At the top of Impromptus today, I note something that the Associated Press said about Afghanistan: The new secretary of defense, Chuck Hagel, is dealing with “the jarring difficulties of shutting down a war.” I have been wondering: What does “shutting down” mean? Losing? Winning? Quitting? Are we allowed to think in terms of winning and losing, where Afghanistan is concerned?

I further note in my column that Hagel has been opposed to the Afghan War for a long time — even to the point of opposing the surge that President Obama ordered in 2009. “Fair enough,” I write. “But here is my question: If you were in Afghanistan today or tonight, wearing our uniform, how could you fight on, knowing that we were ‘shutting down’ and knowing the mindset of the new SecDef? Why would you risk your neck? You just would, I guess.”

A reader writes,

Mr. Nordlinger,

Sir, I am here in uniform in Afghanistan. You are right to be confused. I know I am. Frankly, I worry sometimes that I’ll have fought for over a decade to install tyrants and preserve political capital for politicians I could care less about. But I also look around every day and see a country that is much better than it was and where 90 percent of the people I deal with are either helping us or just want to be left alone (a feeling I well understand). What does it even mean to win here? I sure as hell don’t know. By some measures we’ve already won. By others we could never hope to win. We’ve pretty much done what is achievable. Did we win then?
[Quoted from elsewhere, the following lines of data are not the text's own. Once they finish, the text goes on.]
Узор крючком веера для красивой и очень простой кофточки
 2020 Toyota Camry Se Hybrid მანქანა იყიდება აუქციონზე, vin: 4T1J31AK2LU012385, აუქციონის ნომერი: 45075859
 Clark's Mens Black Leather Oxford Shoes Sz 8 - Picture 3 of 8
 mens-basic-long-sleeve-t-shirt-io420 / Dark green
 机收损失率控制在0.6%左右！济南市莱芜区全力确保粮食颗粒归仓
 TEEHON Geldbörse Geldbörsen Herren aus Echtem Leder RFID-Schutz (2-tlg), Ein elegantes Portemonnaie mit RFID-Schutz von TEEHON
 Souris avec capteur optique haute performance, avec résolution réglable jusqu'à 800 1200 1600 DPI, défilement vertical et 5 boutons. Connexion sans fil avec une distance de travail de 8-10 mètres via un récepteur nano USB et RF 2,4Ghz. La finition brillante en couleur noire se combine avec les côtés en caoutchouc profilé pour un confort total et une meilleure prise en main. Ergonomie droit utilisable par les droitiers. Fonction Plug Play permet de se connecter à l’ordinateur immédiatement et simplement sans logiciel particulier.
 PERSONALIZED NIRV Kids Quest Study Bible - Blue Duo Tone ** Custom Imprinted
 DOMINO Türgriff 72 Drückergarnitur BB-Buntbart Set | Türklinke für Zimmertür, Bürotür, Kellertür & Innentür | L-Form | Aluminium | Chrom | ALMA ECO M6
On my good days I focus on what’s right in front of me. Doing the best I can, helping whoever I can, killing as many bad guys as I can, and taking care of my guys. On my bad days I just want to cut our losses and end this thing (I work with the Afghans directly and see that many of them, they care less than we do).

If pressed, I say that I feel like we need to fight on, if only to honor the sacrifices we’ve already made. Then Karzai says something stupid, or our “partners” attack us, or our own leaders refuse to step up — and it’s back to the dark thoughts.

It sounds trite, but that is why duty is such a sublime concept. You do what you must, and ignore the rest. Many would say that is the answer of a simpleton, or blind man, or automaton, but I don’t see it that way.

Amazing, the people we have fighting for us. Amazing. I sometimes wonder whether we deserve them.